Activity:
Set down exactly the lines below between the line holding "Illustration d'un meuble" and the line holding "Brass Hollow Round", inclusive; no other line belongs in the answer.

--- START ---

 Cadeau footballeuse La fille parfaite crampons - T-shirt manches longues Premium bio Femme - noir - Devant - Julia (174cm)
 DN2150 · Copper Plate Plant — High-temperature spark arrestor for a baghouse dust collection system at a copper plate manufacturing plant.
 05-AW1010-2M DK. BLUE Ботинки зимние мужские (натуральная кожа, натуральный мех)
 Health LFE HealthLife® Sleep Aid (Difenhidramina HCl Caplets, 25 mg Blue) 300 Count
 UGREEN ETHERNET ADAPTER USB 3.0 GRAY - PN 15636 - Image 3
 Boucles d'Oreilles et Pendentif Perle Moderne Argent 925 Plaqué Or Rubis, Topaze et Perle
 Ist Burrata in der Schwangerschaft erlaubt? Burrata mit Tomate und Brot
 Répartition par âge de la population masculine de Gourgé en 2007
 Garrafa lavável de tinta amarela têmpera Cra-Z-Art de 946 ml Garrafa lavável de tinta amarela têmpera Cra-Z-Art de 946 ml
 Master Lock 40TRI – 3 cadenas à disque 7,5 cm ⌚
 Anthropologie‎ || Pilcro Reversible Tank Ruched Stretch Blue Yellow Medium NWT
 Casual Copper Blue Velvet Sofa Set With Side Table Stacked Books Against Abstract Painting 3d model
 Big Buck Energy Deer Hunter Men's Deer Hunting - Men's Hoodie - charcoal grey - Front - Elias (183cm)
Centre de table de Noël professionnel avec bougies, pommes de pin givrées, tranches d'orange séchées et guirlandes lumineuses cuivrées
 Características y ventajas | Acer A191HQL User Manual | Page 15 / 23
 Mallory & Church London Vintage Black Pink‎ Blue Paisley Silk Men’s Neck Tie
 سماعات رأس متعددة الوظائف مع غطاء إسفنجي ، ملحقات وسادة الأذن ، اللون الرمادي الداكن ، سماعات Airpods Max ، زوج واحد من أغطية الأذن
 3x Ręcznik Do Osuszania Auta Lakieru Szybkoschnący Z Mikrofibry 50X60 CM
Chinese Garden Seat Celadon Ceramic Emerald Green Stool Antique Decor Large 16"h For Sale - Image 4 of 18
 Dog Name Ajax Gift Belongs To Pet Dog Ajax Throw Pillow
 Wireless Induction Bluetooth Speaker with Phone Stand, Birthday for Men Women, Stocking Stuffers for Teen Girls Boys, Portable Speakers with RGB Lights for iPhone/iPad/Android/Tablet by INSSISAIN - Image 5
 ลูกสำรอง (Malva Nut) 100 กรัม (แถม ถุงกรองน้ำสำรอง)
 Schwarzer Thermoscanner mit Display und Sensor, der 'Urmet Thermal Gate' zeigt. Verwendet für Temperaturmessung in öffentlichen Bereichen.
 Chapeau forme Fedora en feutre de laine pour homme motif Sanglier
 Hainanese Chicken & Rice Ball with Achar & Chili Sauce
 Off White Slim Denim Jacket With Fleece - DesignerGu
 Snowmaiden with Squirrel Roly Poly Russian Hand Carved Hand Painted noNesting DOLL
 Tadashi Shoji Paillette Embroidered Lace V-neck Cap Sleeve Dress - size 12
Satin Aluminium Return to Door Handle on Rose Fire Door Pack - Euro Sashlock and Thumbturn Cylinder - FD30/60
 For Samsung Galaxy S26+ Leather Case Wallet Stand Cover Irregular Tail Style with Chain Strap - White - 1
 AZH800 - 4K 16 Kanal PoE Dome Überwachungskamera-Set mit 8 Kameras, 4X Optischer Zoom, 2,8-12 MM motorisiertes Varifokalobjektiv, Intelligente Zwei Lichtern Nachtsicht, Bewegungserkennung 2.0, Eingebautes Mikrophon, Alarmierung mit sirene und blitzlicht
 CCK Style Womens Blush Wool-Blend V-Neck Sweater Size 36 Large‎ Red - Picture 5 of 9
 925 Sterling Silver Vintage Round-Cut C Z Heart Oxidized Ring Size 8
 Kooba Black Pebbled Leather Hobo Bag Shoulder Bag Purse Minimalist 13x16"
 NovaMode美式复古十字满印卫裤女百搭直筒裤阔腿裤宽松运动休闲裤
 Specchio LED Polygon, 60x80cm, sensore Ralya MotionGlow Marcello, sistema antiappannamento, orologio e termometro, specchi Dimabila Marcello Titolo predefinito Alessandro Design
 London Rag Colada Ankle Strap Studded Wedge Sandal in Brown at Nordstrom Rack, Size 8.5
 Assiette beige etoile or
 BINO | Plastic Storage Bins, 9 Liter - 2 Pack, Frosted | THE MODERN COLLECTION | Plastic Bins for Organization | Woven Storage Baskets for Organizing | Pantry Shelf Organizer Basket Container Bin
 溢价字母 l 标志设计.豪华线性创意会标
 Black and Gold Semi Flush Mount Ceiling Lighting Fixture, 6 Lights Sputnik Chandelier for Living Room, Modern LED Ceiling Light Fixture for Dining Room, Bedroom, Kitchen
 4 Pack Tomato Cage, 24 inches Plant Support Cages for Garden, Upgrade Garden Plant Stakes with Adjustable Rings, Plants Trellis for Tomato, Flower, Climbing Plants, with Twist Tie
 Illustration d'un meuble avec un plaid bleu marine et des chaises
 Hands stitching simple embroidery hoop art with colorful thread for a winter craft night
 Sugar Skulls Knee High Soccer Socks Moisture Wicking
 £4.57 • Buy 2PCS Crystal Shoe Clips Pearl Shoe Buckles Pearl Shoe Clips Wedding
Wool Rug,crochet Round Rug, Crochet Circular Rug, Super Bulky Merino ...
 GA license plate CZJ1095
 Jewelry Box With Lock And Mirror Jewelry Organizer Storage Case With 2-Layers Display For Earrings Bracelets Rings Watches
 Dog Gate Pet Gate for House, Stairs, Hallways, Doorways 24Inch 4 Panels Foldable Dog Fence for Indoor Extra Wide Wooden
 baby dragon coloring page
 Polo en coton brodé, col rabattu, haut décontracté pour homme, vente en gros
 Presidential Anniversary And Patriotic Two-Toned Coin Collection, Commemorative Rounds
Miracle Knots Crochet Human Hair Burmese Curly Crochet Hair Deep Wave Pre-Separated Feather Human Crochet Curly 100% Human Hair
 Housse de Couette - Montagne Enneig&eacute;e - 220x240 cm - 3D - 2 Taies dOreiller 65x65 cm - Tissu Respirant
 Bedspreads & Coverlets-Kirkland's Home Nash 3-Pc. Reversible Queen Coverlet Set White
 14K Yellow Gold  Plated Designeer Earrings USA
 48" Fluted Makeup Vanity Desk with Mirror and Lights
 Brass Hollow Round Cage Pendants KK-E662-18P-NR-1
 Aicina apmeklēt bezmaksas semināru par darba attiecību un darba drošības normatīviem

--- END ---

Output below:
 Illustration d'un meuble avec un plaid bleu marine et des chaises
 Hands stitching simple embroidery hoop art with colorful thread for a winter craft night
 Sugar Skulls Knee High Soccer Socks Moisture Wicking
 £4.57 • Buy 2PCS Crystal Shoe Clips Pearl Shoe Buckles Pearl Shoe Clips Wedding
Wool Rug,crochet Round Rug, Crochet Circular Rug, Super Bulky Merino ...
 GA license plate CZJ1095
 Jewelry Box With Lock And Mirror Jewelry Organizer Storage Case With 2-Layers Display For Earrings Bracelets Rings Watches
 Dog Gate Pet Gate for House, Stairs, Hallways, Doorways 24Inch 4 Panels Foldable Dog Fence for Indoor Extra Wide Wooden
 baby dragon coloring page
 Polo en coton brodé, col rabattu, haut décontracté pour homme, vente en gros
 Presidential Anniversary And Patriotic Two-Toned Coin Collection, Commemorative Rounds
Miracle Knots Crochet Human Hair Burmese Curly Crochet Hair Deep Wave Pre-Separated Feather Human Crochet Curly 100% Human Hair
 Housse de Couette - Montagne Enneig&eacute;e - 220x240 cm - 3D - 2 Taies dOreiller 65x65 cm - Tissu Respirant
 Bedspreads & Coverlets-Kirkland's Home Nash 3-Pc. Reversible Queen Coverlet Set White
 14K Yellow Gold  Plated Designeer Earrings USA
 48" Fluted Makeup Vanity Desk with Mirror and Lights
 Brass Hollow Round Cage Pendants KK-E662-18P-NR-1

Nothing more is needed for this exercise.